TS Cristobal Causing Rains
For the last 4 days, thunderstorms and heavy rains have dominated the weather all across Belize. The heavy conditions started on Saturday, and were as a direct result of a tropical weather disturbance that began affecting Belize and other Central American nations.
This bad weather actually pre-empted the start of this year's hurricane season, and now, it has developed into one of the first-named tropical storms of the season.
It is now known as Tropical Storm Cristobal, and at this time, it is meandering in the Bay of Campeche, where it will stay for a few more days. Additional heavy rainfall is expected to occur in parts of southern Mexico, Guatemala, El Salvador, Belize, and Honduras.
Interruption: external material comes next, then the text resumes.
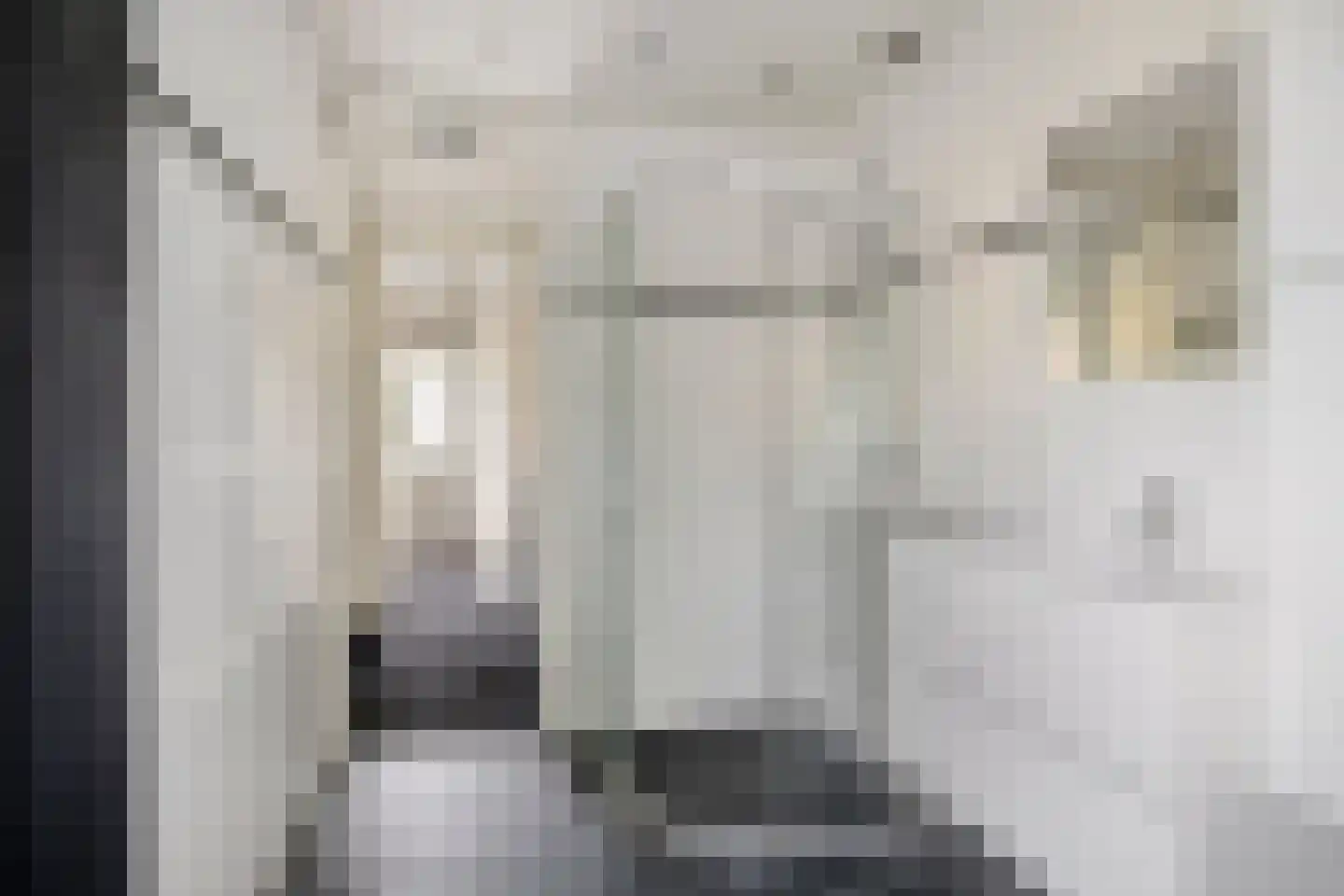 Nijenrode 5 Roden thumbnail 29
That means that those heavy downpours you've been experiencing all over the country may continue well into this coming weekend.
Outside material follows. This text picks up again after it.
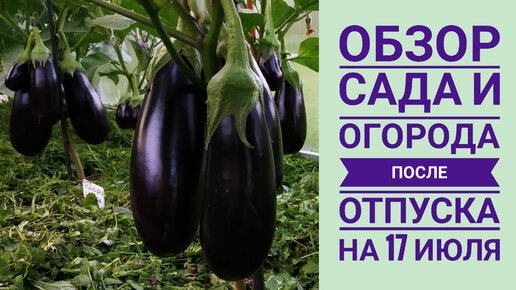 ОБЗОР САДА И ОГОРОДА ПОСЛЕ ОТПУСКА НА 17 ИЮЛЯ. ВСЕ РАСТЕТ И ЦВЕТЕТ 🌱🌺🌹🏵️💮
This afternoon, we got a chance to speak briefly with the Deputy Chief Meteorologist about Tropical Storm Cristobal:
Ronald Gordon - Deputy Chief Meteorologist
"The latest on that system is that it has emerged into the Bay of Campeche. It was officially declared as Tropical Depression #3 yesterday. And now, it has been upgraded to Tropical Storm Cristobal."
"Currently, Tropical Storm Cristobal is a weak tropical storm with winds of 40 miles per hour. The system is expected to meander in that general area for the next few days. And given its current position, it will continue to draw moisture from the Pacific into our area, resulting in downpours of showers and thunderstorms, especially at night time, for the next few days."
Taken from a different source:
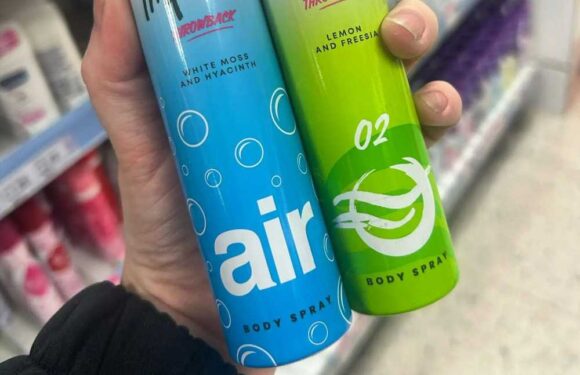 Noughties beauty brand brings back iconic £2 body sprays after huge shopper demand – and you're going to feel SO old | The Sun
"It will continue to produce a lot of rainfall across the country. However, going into the weekend, the official forecast is suggesting that the system will start to move northward away from the Bay of Campeche. And as it does so, a drier south-easterly airflow will develop going into the weekend. So, we're looking at around Saturday/Sunday for improving conditions."
"Heaviest Activity is forecasted for the northern parts of the country, the Orange Walk, Corozal, and Belize Districts. Whereas the south could get some rainfall as well, but it should be lighter than up in those areas I described."
"Flooding is certainly a concern, and for that reason, we have maintained a flood alert on our website, and we also broadcast that on our forecast on the radio that is updated 6 hours. Especially areas that have been affected already, that is already saturated with water, those could get flooding, but we're also alerting residents along rivers and streams, and those in low-lying areas, to be on the lookout for flooding."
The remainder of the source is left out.